Source material ->
▼

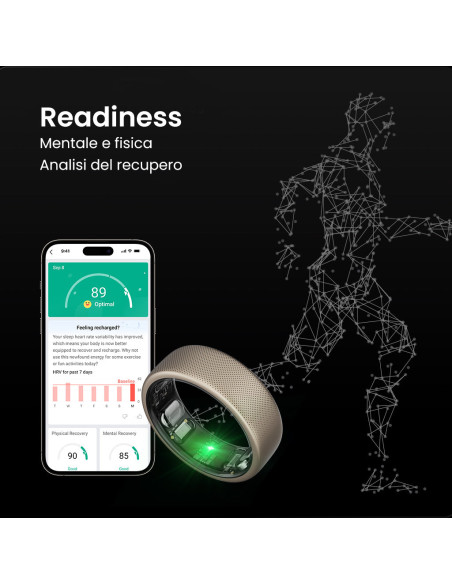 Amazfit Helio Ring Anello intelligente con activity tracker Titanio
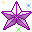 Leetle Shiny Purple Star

▲
▼

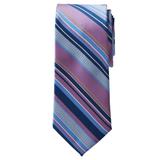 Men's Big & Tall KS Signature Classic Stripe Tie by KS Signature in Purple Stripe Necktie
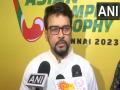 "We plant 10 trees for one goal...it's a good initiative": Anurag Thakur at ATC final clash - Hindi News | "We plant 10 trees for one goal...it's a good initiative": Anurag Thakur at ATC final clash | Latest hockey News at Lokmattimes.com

▲
▼

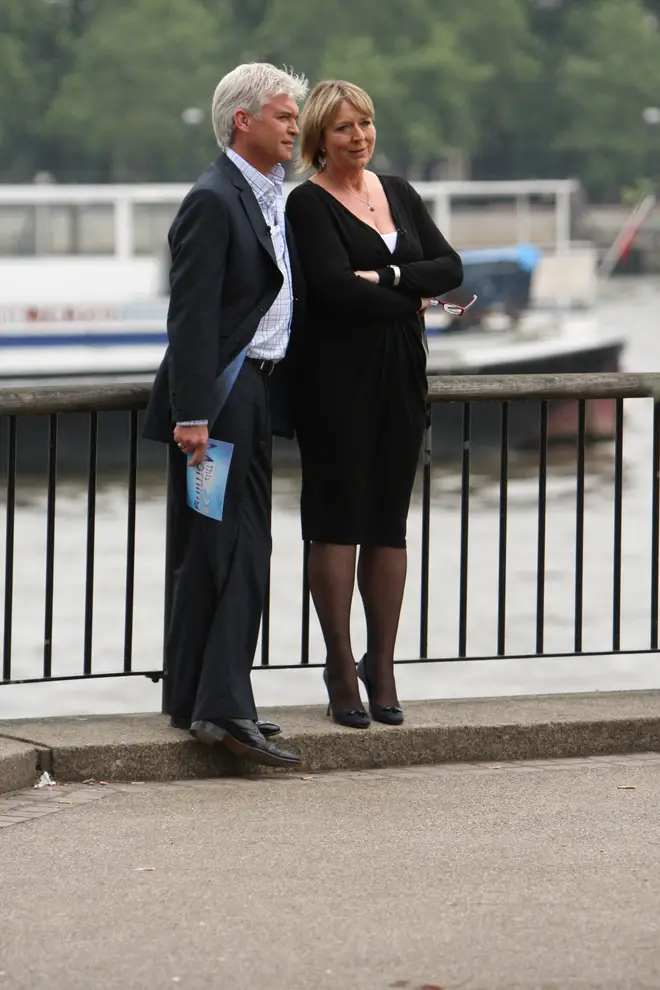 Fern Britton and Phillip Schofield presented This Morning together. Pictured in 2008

▲

Work instructions -> Beginning with the line above that contains "Amazfit Helio Ring" and ending with the line that contains "Leetle Shiny Purple Star", quote each line exactly, keeping out the pictures.

Output of the task ->
 Amazfit Helio Ring Anello intelligente con activity tracker Titanio
 Leetle Shiny Purple Star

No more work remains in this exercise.